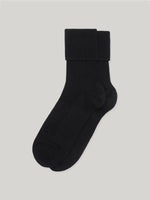 Claridge's Women's Black Cashmere Socks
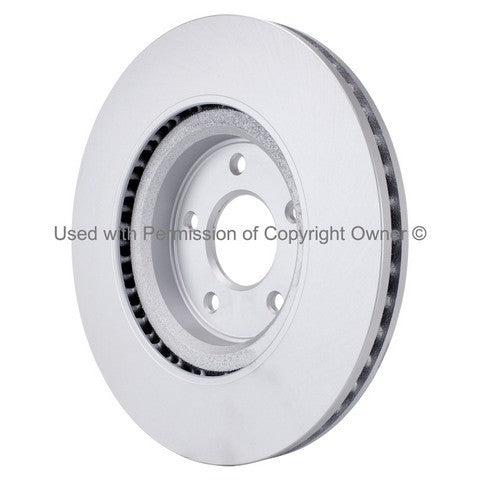Quality-Built Disc Brake Rotor P/N:BR76018G Fits: Infiniti Jx35 2013, Infiniti Q50 24-14, Infiniti Q60 22-17, Infiniti Qx50 17-16, Infiniti Qx60 20-14, Nissan 370z 2020, Nissan Murano 24-15, Nissan Pathfinder 20-13, Nissan Z 25-23 - Image 3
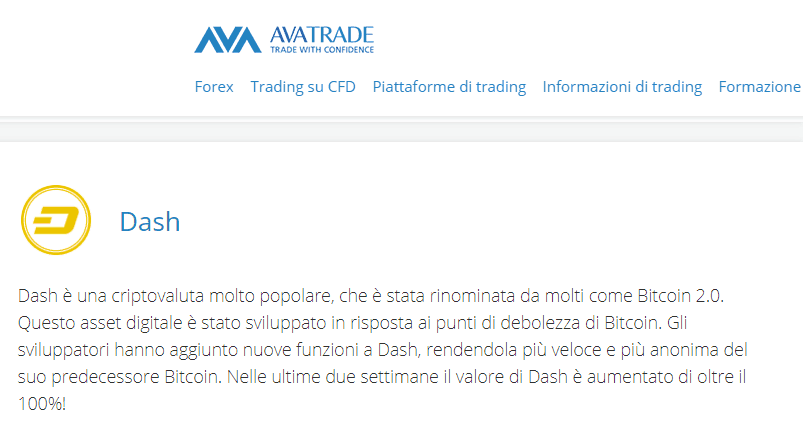 avatrade dash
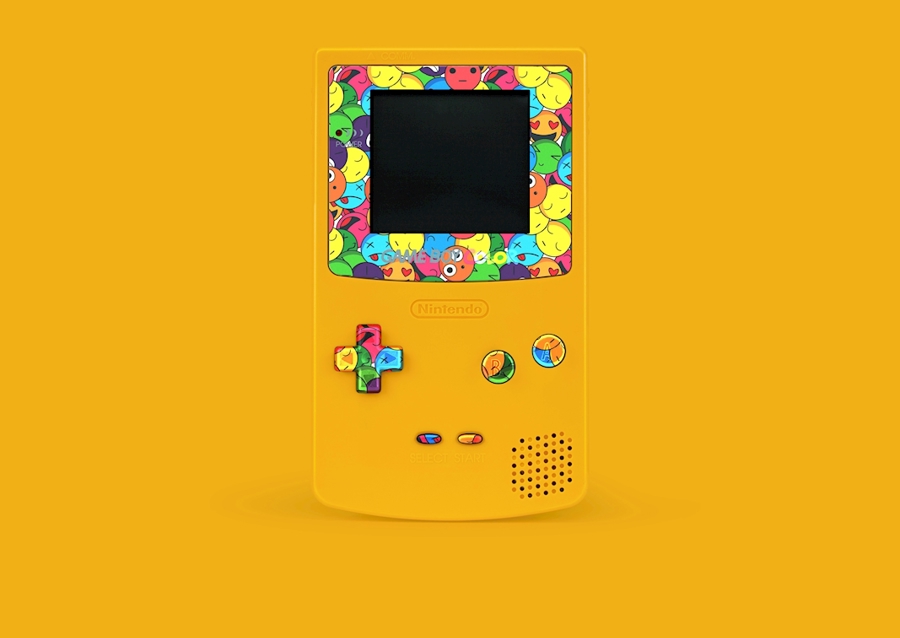 Emoji Gameboy 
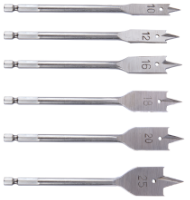 Плоски Свредла за Дърво (6 броя) EvoTools®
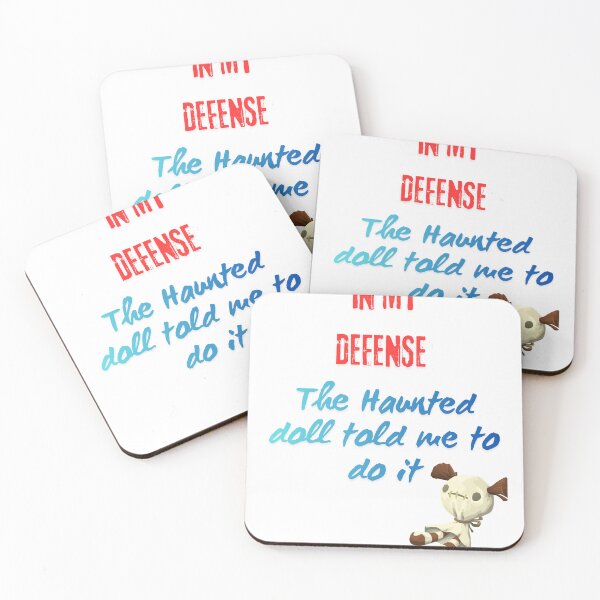 Item preview, IN MY DEFENSE Design  designed and sold by SpookyNSweet.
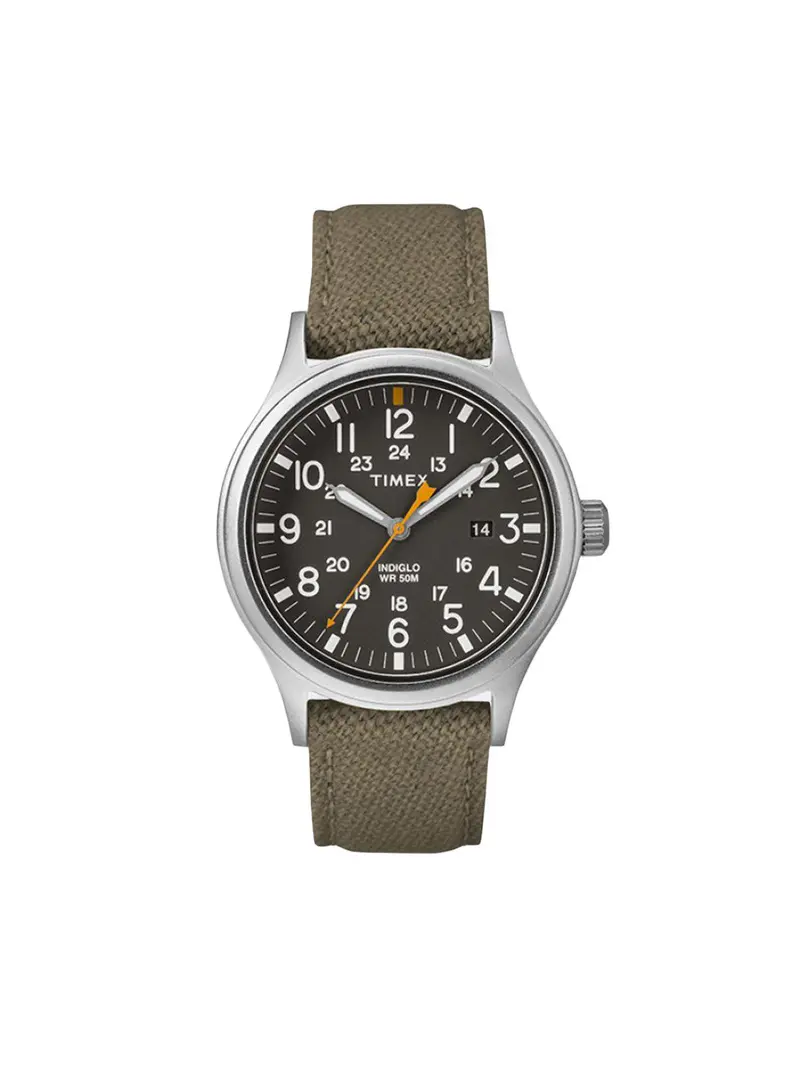 Timex The Scovill Tw2r46300 40Mm 1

────────────────

» TASK REQUIREMENTS:
Extract all the entries word for word; omit any pictures.

» SOLUTION TO THE PROBLEM:
 Claridge's Women's Black Cashmere Socks
Quality-Built Disc Brake Rotor P/N:BR76018G Fits: Infiniti Jx35 2013, Infiniti Q50 24-14, Infiniti Q60 22-17, Infiniti Qx50 17-16, Infiniti Qx60 20-14, Nissan 370z 2020, Nissan Murano 24-15, Nissan Pathfinder 20-13, Nissan Z 25-23 - Image 3
 avatrade dash
 Emoji Gameboy 
 Плоски Свредла за Дърво (6 броя) EvoTools®
 Item preview, IN MY DEFENSE Design  designed and sold by SpookyNSweet.
 Timex The Scovill Tw2r46300 40Mm 1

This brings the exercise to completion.